As AI (specifically Large Language Model), blown up thanks to the popularity of ChatGPT, I started to take a look deeper about it. From the first sight, it's seems like many product launched lately is more about "stuff + openai", which not really a bad thing, but makes me wonder, is Open AI will monopoly the AI fields?
Then, a project called llama.cpp comes out, that claims able to runs Facebook LLM model just utilizing CPU. A quick look into the repository documentations, and it blows my mind. As a believer in ability to self hosting application, keeping privacy in check in an unknown world of Artificial Intelegence seems beneficial.
I dig through the repository, reads some issues, and play around with it, and it runs really well, both on my M1 Pro MacBook, and my Orange Pi 5. The accuracy is not highest, and the speed is usable for a simple local “ChatGPT” like application. From this experience, I think we could start considering build stuff on top of it more seriously.
Luckily, that llama.cpp project not only proof it possible, but also encourage many other open source project to build their own LLM models, one of them is GPT4All, which claims has decent performance and accuracy compares to ChatGPT with GPT 3.5 model. And this project has an official NodeJS binding. This is great since I’m quite confident develop tools / apps using NodeJS.
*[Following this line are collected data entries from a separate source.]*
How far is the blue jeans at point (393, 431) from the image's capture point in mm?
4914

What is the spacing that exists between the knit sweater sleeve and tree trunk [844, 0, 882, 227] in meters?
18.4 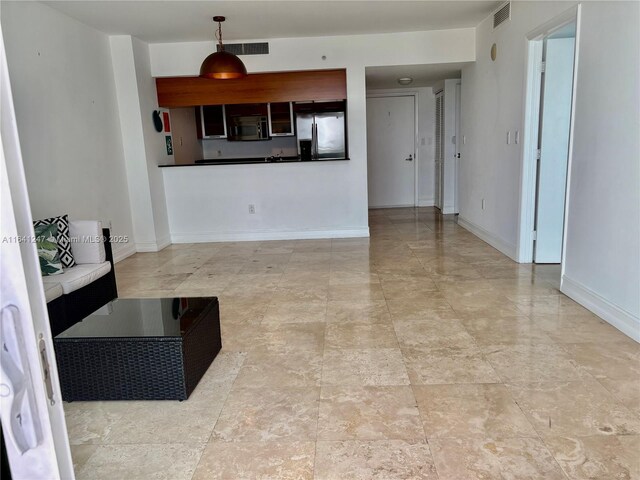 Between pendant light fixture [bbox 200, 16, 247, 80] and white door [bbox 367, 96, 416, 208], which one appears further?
white door [bbox 367, 96, 416, 208]

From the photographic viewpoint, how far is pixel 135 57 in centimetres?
521

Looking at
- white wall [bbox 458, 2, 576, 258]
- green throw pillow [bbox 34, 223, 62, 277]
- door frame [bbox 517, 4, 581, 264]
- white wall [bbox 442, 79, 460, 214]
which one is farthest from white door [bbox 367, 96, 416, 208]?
green throw pillow [bbox 34, 223, 62, 277]

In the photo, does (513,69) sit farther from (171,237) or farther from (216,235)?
(171,237)

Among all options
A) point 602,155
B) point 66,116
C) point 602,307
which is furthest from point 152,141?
point 602,307

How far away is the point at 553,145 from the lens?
403cm

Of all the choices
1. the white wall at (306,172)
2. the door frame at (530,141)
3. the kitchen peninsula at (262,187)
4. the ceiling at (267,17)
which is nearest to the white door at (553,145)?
the door frame at (530,141)

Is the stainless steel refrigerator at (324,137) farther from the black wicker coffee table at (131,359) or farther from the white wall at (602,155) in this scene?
the black wicker coffee table at (131,359)

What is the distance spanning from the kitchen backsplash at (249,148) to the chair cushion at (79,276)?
4.87m

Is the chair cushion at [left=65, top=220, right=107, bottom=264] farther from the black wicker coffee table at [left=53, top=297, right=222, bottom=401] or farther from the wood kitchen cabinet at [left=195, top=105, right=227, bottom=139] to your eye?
the wood kitchen cabinet at [left=195, top=105, right=227, bottom=139]

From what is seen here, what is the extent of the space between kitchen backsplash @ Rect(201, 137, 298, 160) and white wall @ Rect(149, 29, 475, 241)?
210 cm

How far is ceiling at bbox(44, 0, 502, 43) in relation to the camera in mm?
4109

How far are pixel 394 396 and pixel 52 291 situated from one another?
6.97 ft

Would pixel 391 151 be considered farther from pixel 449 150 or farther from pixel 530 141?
pixel 530 141

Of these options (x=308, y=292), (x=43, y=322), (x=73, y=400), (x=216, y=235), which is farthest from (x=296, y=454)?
(x=216, y=235) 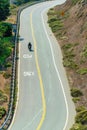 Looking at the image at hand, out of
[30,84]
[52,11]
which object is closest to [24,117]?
[30,84]

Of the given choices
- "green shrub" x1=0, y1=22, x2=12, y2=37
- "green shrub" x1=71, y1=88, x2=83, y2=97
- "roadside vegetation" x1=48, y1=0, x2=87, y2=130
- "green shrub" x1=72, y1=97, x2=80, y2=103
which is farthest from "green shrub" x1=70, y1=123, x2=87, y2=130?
"green shrub" x1=0, y1=22, x2=12, y2=37

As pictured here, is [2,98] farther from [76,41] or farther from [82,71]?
[76,41]

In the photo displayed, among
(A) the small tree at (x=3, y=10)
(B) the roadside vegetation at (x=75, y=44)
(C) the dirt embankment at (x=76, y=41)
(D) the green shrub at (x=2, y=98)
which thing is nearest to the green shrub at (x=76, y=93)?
(B) the roadside vegetation at (x=75, y=44)

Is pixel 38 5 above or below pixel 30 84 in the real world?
above

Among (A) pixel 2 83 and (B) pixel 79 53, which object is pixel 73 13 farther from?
(A) pixel 2 83

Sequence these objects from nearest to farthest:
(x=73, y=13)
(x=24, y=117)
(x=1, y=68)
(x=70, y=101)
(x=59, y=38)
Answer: (x=24, y=117)
(x=70, y=101)
(x=1, y=68)
(x=59, y=38)
(x=73, y=13)

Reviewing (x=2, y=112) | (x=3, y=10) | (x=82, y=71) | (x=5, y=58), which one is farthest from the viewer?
(x=3, y=10)

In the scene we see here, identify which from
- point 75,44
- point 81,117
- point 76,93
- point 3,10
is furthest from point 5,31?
point 81,117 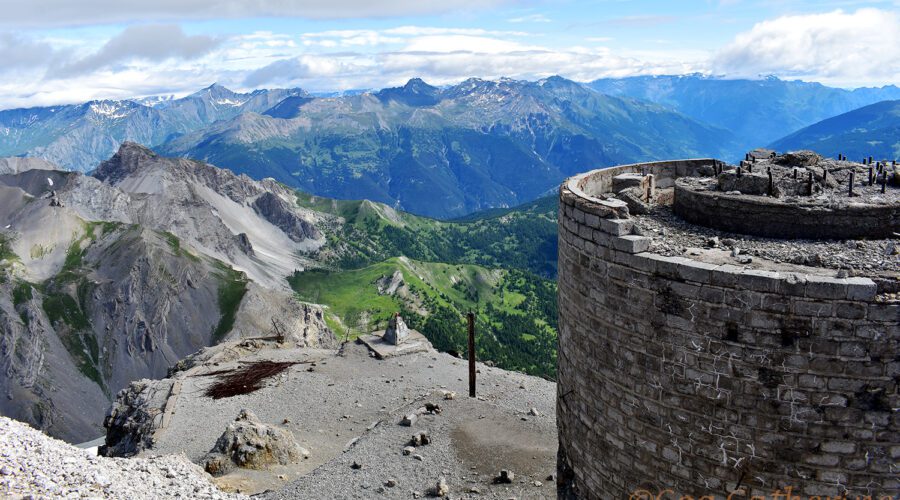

Ideas: Personal Email Summarizer
A simple ideas for LLM is summarizer. I‘m using Spark (a really great mail client btw, you should definitely check that out), and it already did great job to filter out low priority email. Low priority email includes newsletter, which sometimes, I’m curious and wants to learn more.
With that said, I start to tinkering the GPT4All binding, and mix and match it with other self hosted tools that make sense for this use case. Then I remember a great workflow tools called n8n, that easily hosted and extended, using NodeJS. N8n basically a workflow tools that enable users to define a workflow of many 3rd party integrations like SMTP, GMail, Telegram, etc. Considering the LLM capability and the main missing piece is access to data, n8n basically provide the bridge of it.
Designing Workflow
on n8n I start with creating a workflow that listen SMTP of my gmail, hook it with my custom gpt4all node to do AI Summary, and then push it to Telegram, all runs on Orange PI 5 beind Tailscale, so I could access it from all my device, and keep it secure.
At first it works as expected, all emails got summarized and pushed to my Telegram bot. But then some of the jobs got stuck. Turns out the event from SMTP might contains multiple email, and n8n by nature, runs all of them in parallel. Considering my Orange Pi 5 compute resources (4 performance cores, 4 efficiency cores), the jobs easily piled up and takes so long to complete.

Based on my needs, I don’t need a quick summary when each of the email arrives. So I start updating my workflow to break all the events into a serial job in queue, with a simple built in n8n node called Split In Batches. Configure it to only forward 1 message each batch, process it, then send it to telegram, now I had my own AI Email Summarizer.
Conclusion
I personally believe that AI could help humanity going forward, but I also believe that we need to learn from our past about data privacy. We know giants like Google, Microsoft, Meta, and now OpenAI had all it takes on compute resources to built this awesome AI stuff, but we can’t easily give up all our data to them, and let them do monopoly in this area. This AI model will be an additional great tools alongside other existing tools, and democratizing it (by let anyone host their own AI with their own data), is the correct way to move AI forward.